Monday, July 27, 2009

Stratford, Dunwich, and Southwold



We did the annual trip to Stratford and Warwick on Thursday of last week, then Chris and I took the bikes to Southwold, on the Suffolk coast for Friday and Saturday nights, coming home Sunday evening.

Warwick is an under-rated town, I think. I spent some time in the churchyard of Saint Mary's College Church, which I think is the largest parish church in England, though I may be wrong. I'm especially interested in this church since it is the place where Robert Dudley, the first first Earl of Leicester (yes, that should be two "first"s because I've seen another first Earl of Leicester that wasn't him). One thing that began to strike me, as it struck me also in Dunwich and Southwold, is that these parish churches were centers of their communities in ways that modern churches aren't. Each church has an attached graveyard, with stones dating back two and three hundred years. (In another off-the-wall observation, outside gravestones seem to only remain legible for about 300 years without special cleaning. I've not seen one yet whose inscriptions I can read that dates from before the 18th century. That's not the case with inside markers.) Oh, another difference--people are actually buried in the church: under the floor, in the walls, in the crypt below. Not only is Robert Dudley buried there, but there's also mention of his secret ex-wife Douglass Sheffield, who became Hakluyt's patroness of Wetheringsett. Anyhow, one gets the sense that churches were actually about the end, as well as the beginning, of life. One gets less of a sense of that from modern churches, at least in America.

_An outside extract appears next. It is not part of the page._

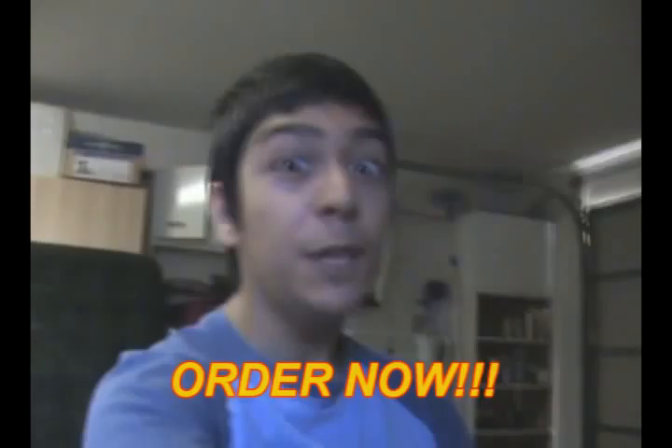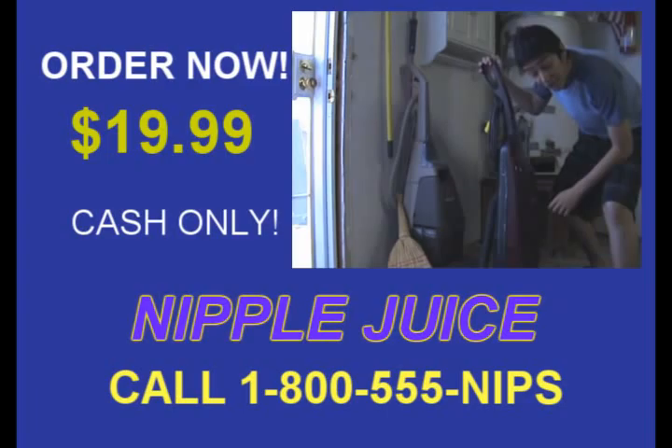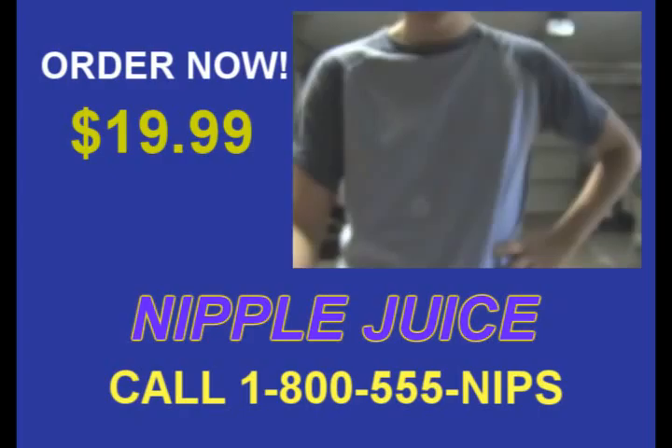Order Nipple Juice now for $19.99. No credit card, no check — only cash. It is made in China, not by fat and lazy Americans. That's right, Nipple Juice is a very good product for Americans to lose weight.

The Shakespeare production, The Winter's Tale, was well done, but I can't say that I really like the play itself. As well, some of the scenery and costuming (making the pastoral landscape out of fallen books, for example) had a kind of ambiguous symbolic significance. Before the production, we had dinner with Paul and Wendy Hartle, and Diane Facinelli. Ginny Grainger from the RSC also stopped by to see us, in the interval of a conference with some Ohio teachers. The play ended at about 11:15 p.m., then we walked back to the bus. We didn't get into Cambridge until 1 a.m.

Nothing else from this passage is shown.